Stored entries

==============================

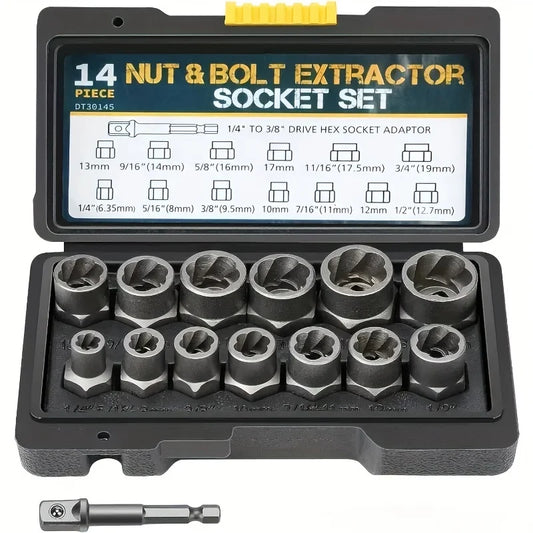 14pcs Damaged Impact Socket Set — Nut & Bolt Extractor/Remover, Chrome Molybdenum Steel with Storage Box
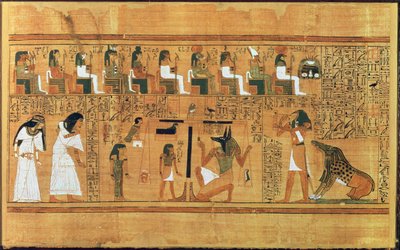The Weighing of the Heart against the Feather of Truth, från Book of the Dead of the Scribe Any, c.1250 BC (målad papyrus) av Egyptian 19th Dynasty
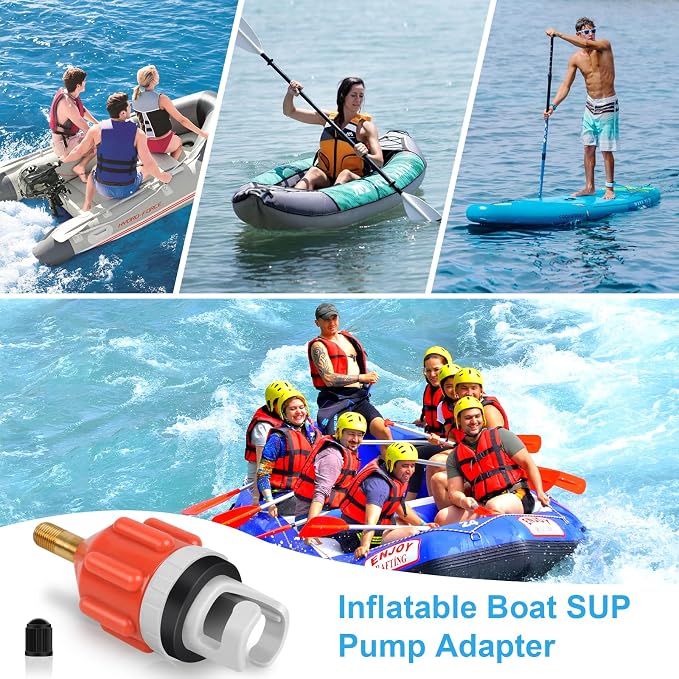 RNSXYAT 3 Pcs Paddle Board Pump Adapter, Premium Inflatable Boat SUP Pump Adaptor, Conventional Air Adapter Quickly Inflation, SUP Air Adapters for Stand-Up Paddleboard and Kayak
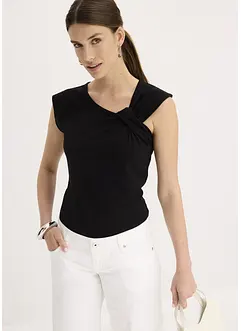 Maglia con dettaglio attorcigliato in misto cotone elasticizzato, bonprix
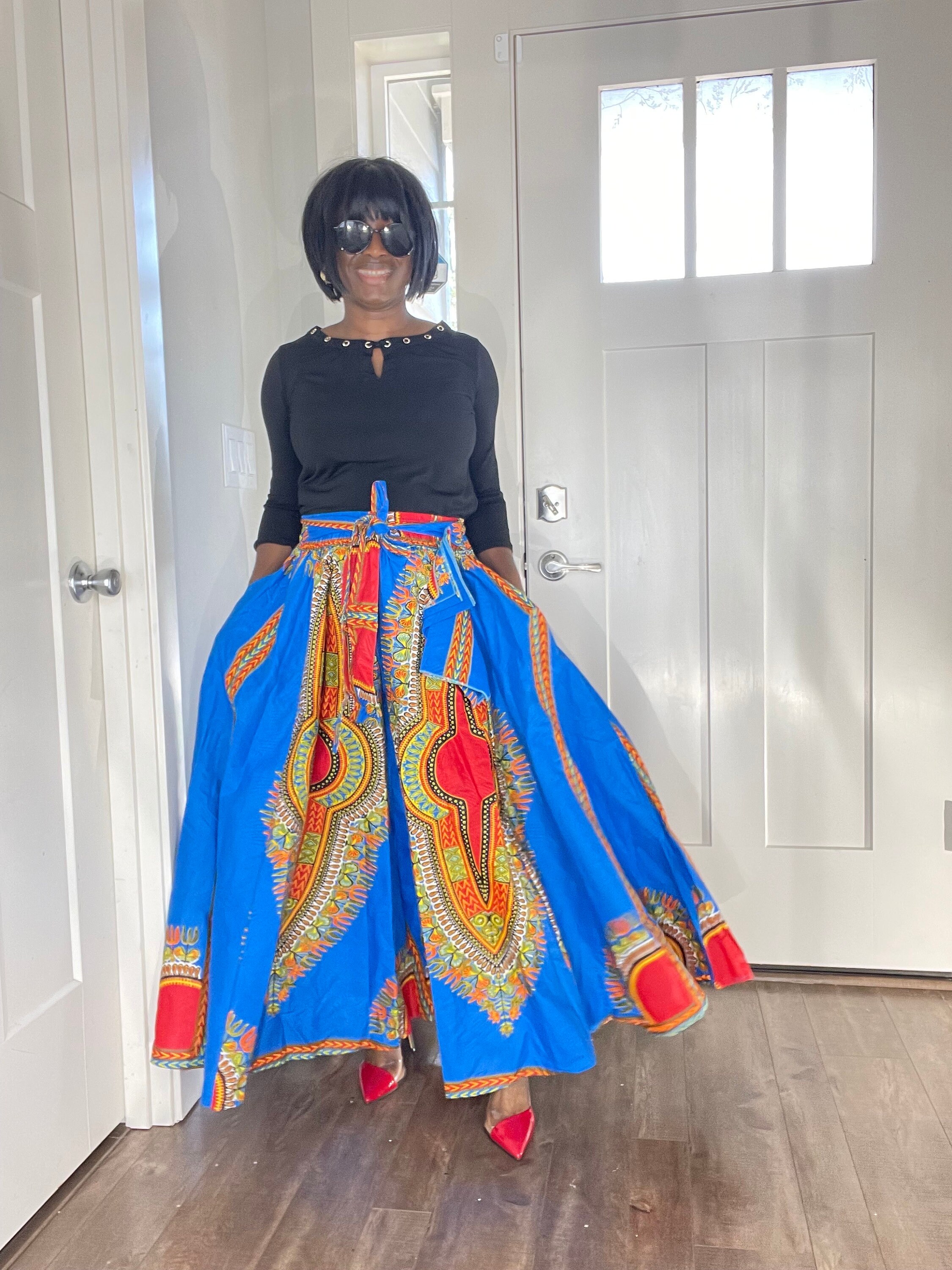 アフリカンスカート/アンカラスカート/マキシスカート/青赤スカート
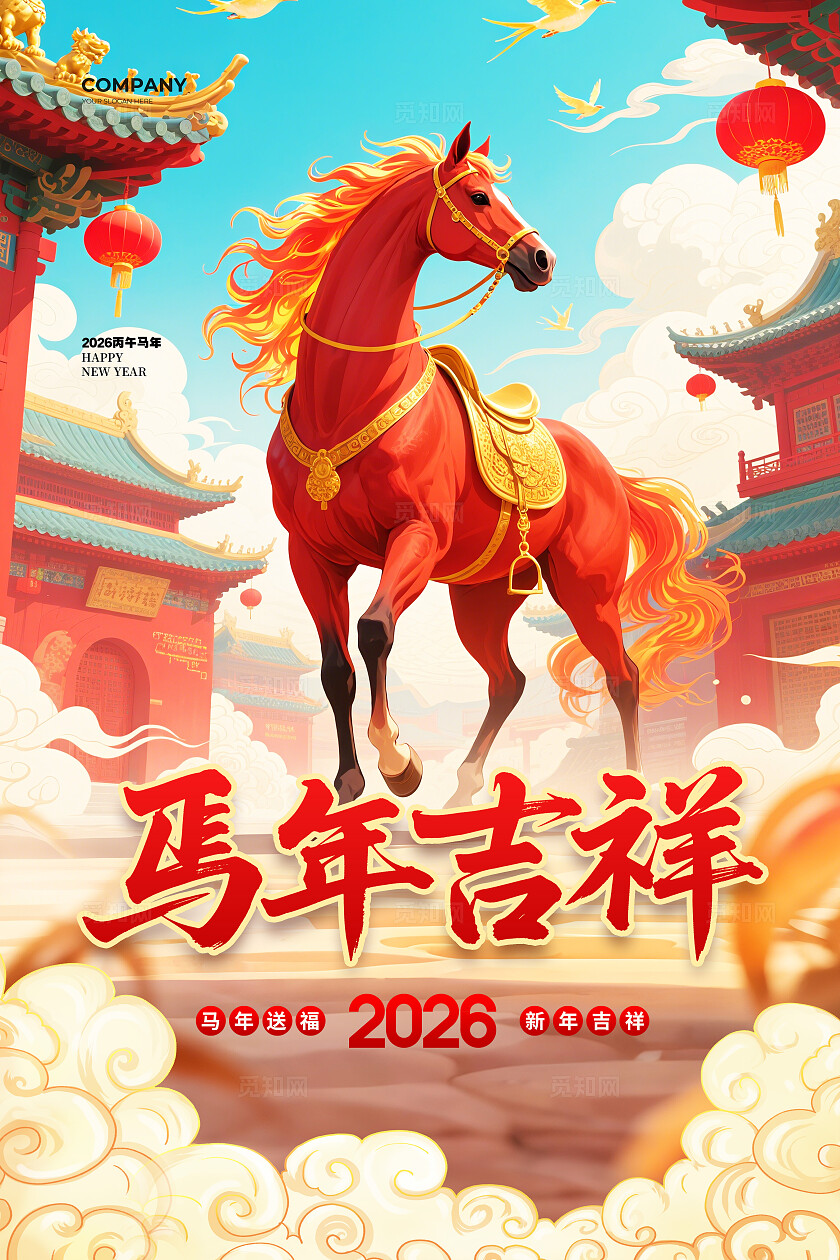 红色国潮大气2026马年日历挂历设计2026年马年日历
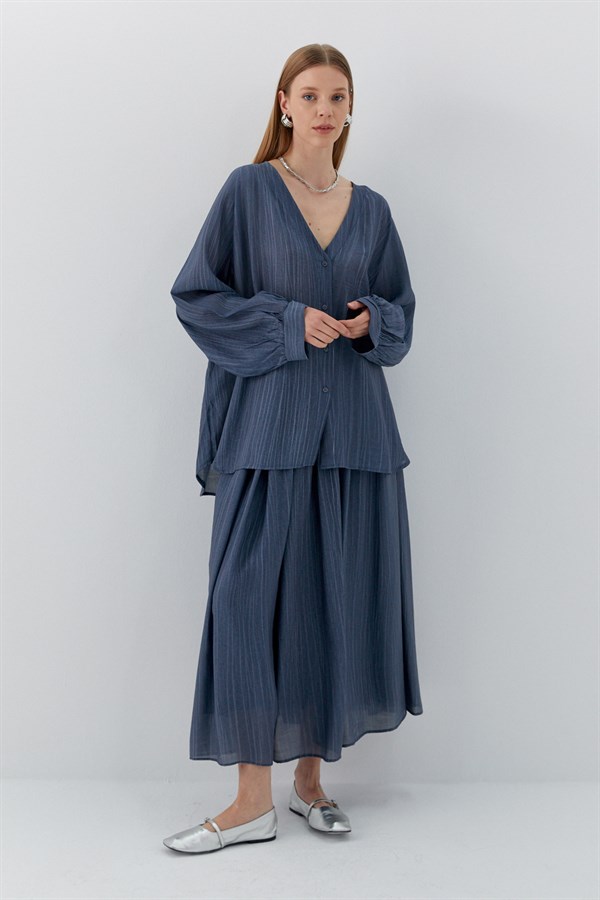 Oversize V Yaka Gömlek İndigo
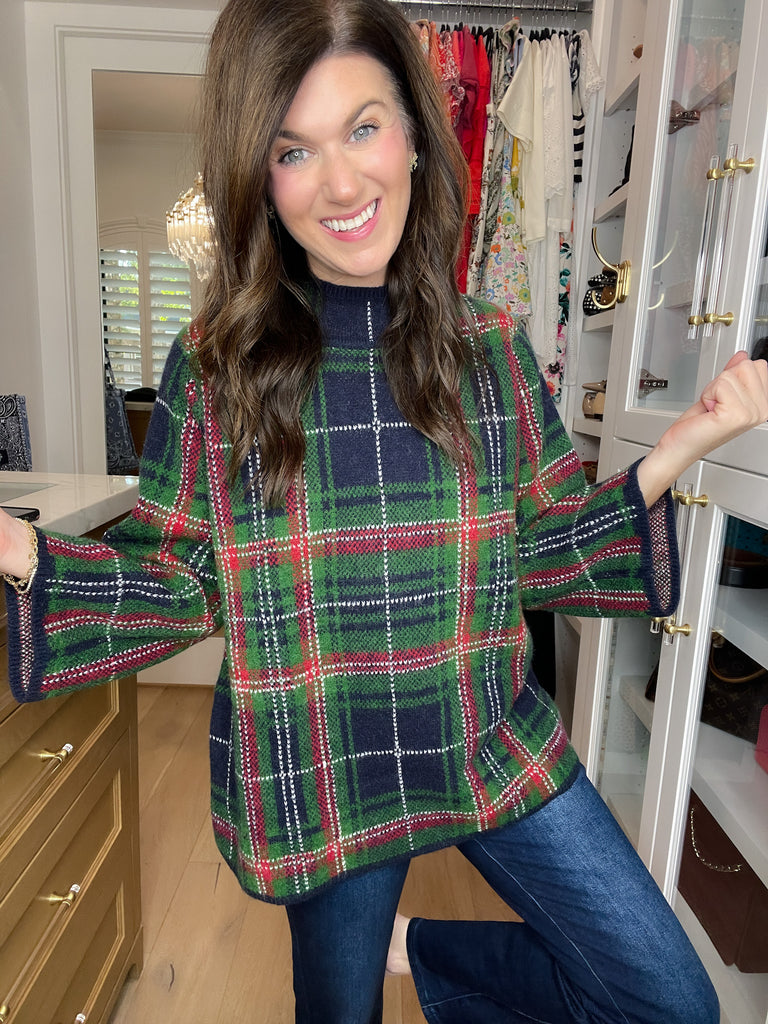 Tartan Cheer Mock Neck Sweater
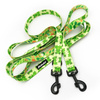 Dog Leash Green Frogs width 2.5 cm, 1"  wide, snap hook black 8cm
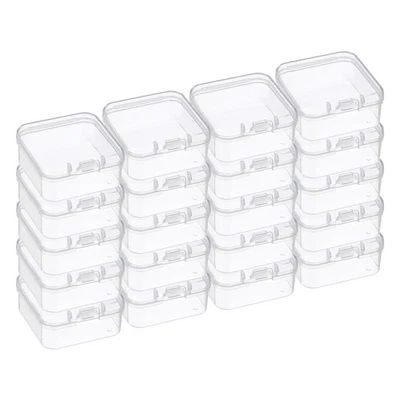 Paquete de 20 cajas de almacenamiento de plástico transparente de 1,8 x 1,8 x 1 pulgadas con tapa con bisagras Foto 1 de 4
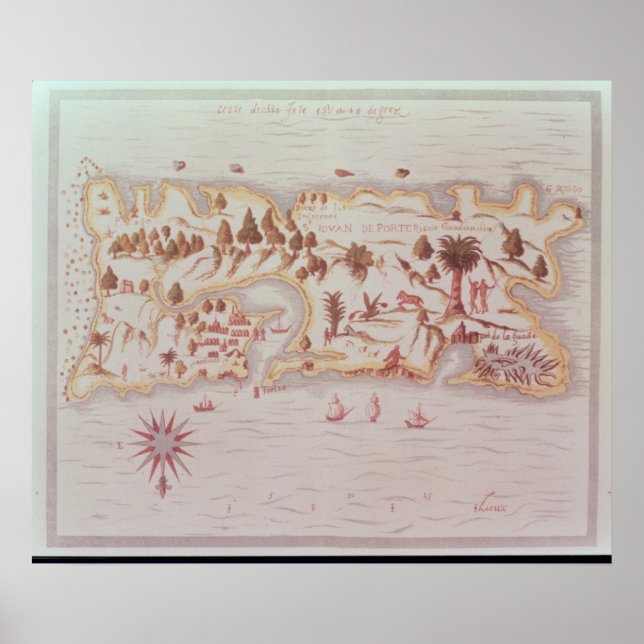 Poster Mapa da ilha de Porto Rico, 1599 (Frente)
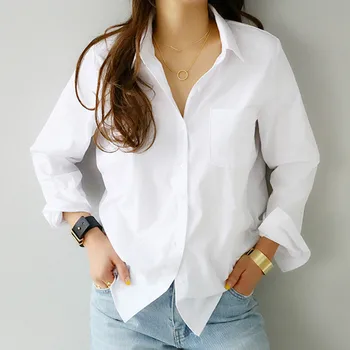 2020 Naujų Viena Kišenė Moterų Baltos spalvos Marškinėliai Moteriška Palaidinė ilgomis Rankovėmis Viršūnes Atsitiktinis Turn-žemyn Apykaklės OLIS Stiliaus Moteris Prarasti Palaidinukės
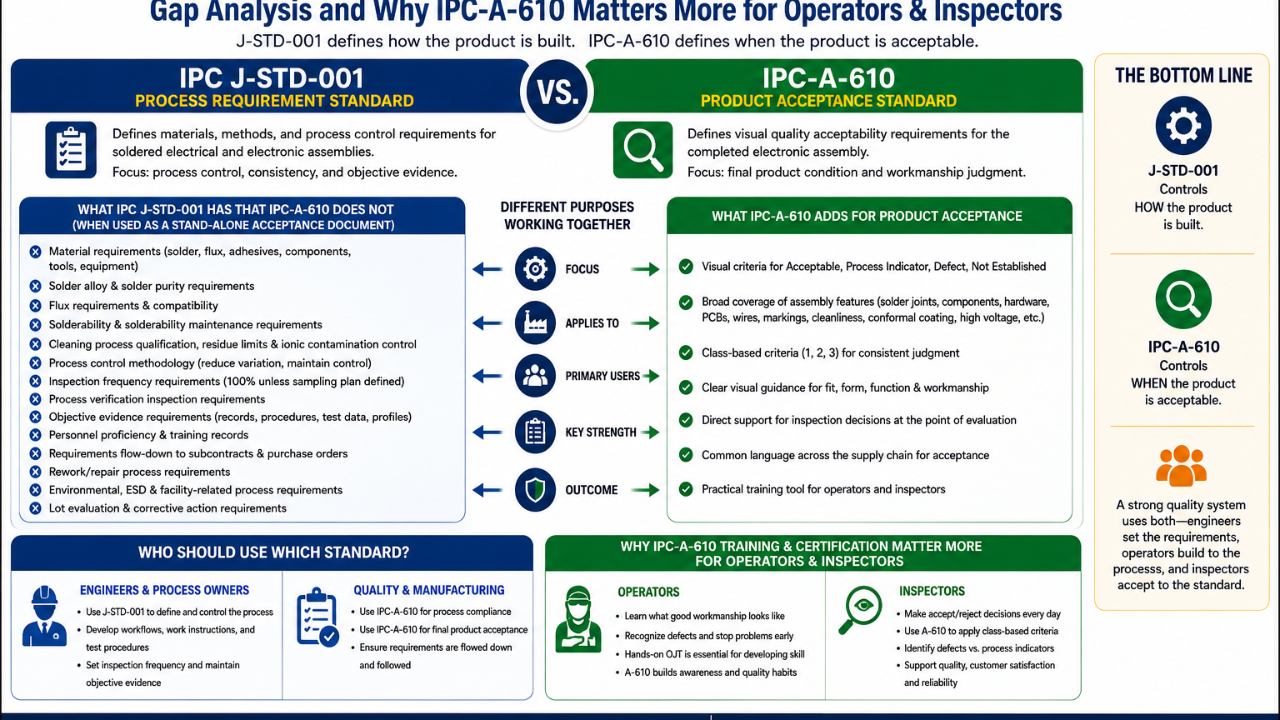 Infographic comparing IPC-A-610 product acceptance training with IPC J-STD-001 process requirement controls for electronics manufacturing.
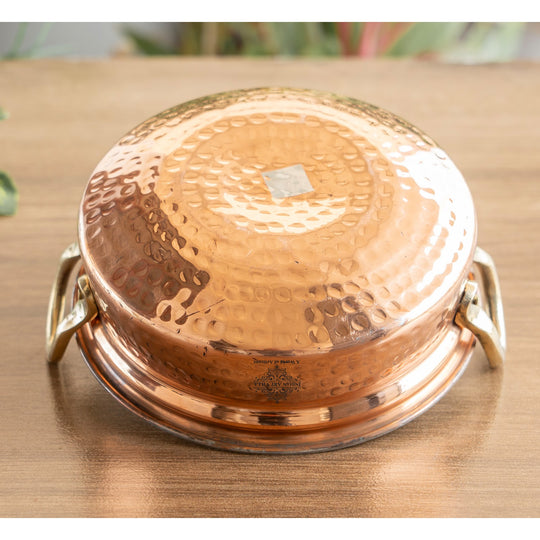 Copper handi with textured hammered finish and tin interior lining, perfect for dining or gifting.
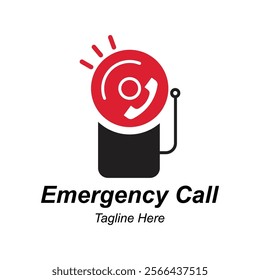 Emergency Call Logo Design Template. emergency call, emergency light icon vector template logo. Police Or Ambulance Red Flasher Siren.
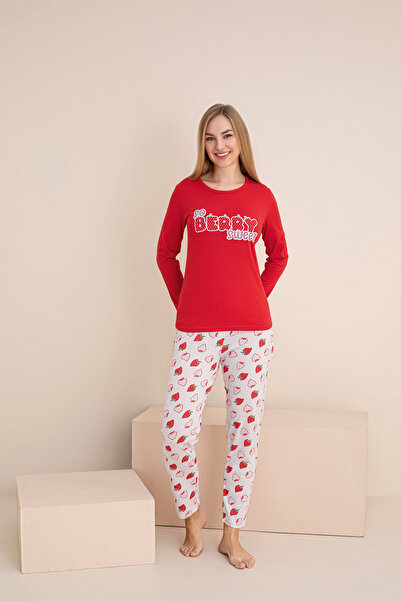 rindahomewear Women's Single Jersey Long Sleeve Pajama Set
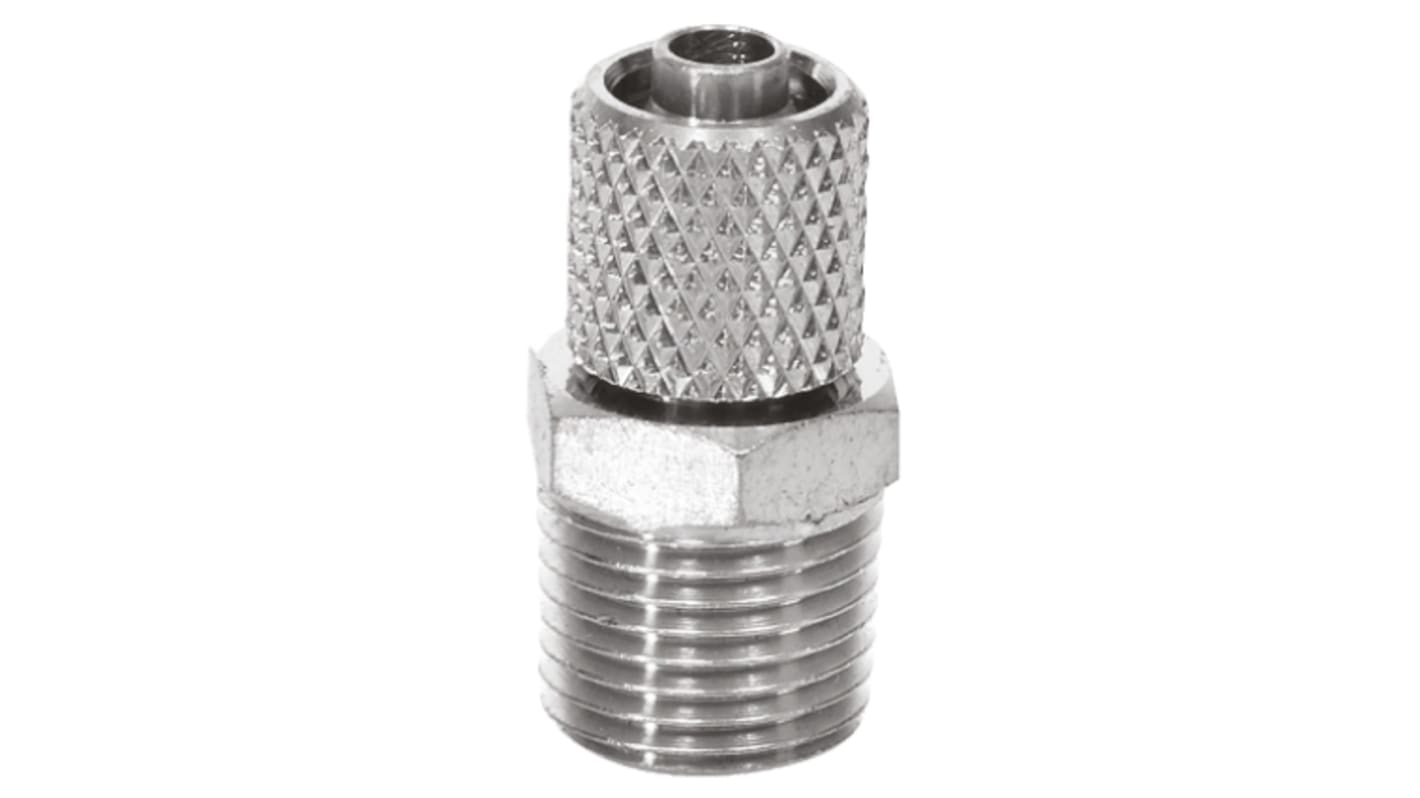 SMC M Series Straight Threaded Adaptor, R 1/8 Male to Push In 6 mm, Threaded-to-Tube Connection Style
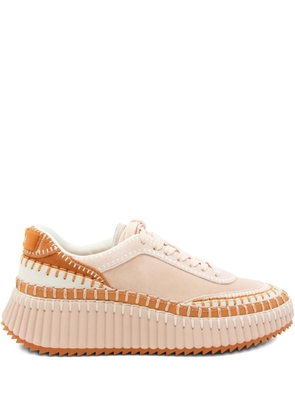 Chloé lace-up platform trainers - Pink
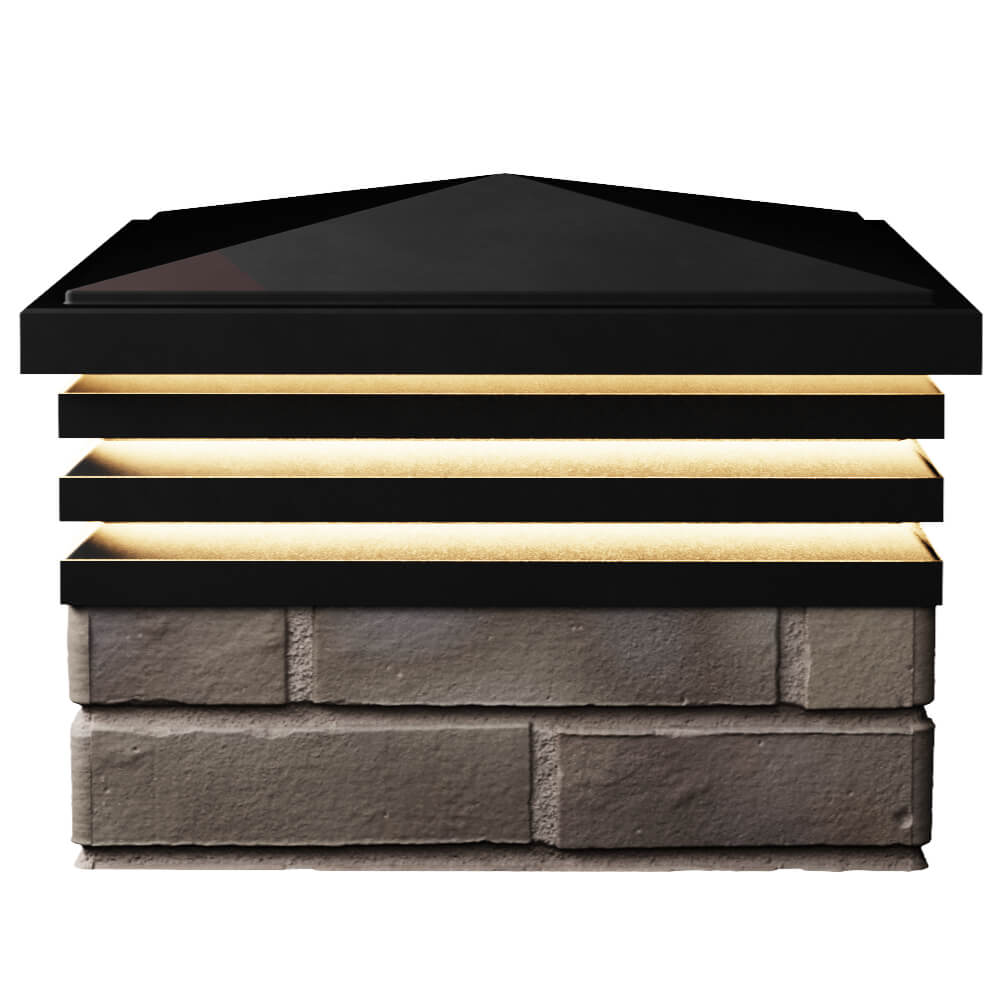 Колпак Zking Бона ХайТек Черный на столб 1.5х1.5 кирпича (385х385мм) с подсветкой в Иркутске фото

==============================

TASK BRIEF ::
Write out each line again, exactly as it appears above, except for any picture.

RESULT OF THIS TASK ::
 14pcs Damaged Impact Socket Set — Nut & Bolt Extractor/Remover, Chrome Molybdenum Steel with Storage Box
The Weighing of the Heart against the Feather of Truth, från Book of the Dead of the Scribe Any, c.1250 BC (målad papyrus) av Egyptian 19th Dynasty
 RNSXYAT 3 Pcs Paddle Board Pump Adapter, Premium Inflatable Boat SUP Pump Adaptor, Conventional Air Adapter Quickly Inflation, SUP Air Adapters for Stand-Up Paddleboard and Kayak
 Maglia con dettaglio attorcigliato in misto cotone elasticizzato, bonprix
 アフリカンスカート/アンカラスカート/マキシスカート/青赤スカート
 红色国潮大气2026马年日历挂历设计2026年马年日历
 Oversize V Yaka Gömlek İndigo
 Tartan Cheer Mock Neck Sweater
 Dog Leash Green Frogs width 2.5 cm, 1"  wide, snap hook black 8cm
 Paquete de 20 cajas de almacenamiento de plástico transparente de 1,8 x 1,8 x 1 pulgadas con tapa con bisagras Foto 1 de 4
 Poster Mapa da ilha de Porto Rico, 1599 (Frente)
 2020 Naujų Viena Kišenė Moterų Baltos spalvos Marškinėliai Moteriška Palaidinė ilgomis Rankovėmis Viršūnes Atsitiktinis Turn-žemyn Apykaklės OLIS Stiliaus Moteris Prarasti Palaidinukės
 Infographic comparing IPC-A-610 product acceptance training with IPC J-STD-001 process requirement controls for electronics manufacturing.
 Copper handi with textured hammered finish and tin interior lining, perfect for dining or gifting.
 Emergency Call Logo Design Template. emergency call, emergency light icon vector template logo. Police Or Ambulance Red Flasher Siren.
 rindahomewear Women's Single Jersey Long Sleeve Pajama Set
 SMC M Series Straight Threaded Adaptor, R 1/8 Male to Push In 6 mm, Threaded-to-Tube Connection Style
 Chloé lace-up platform trainers - Pink
 Колпак Zking Бона ХайТек Черный на столб 1.5х1.5 кирпича (385х385мм) с подсветкой в Иркутске фото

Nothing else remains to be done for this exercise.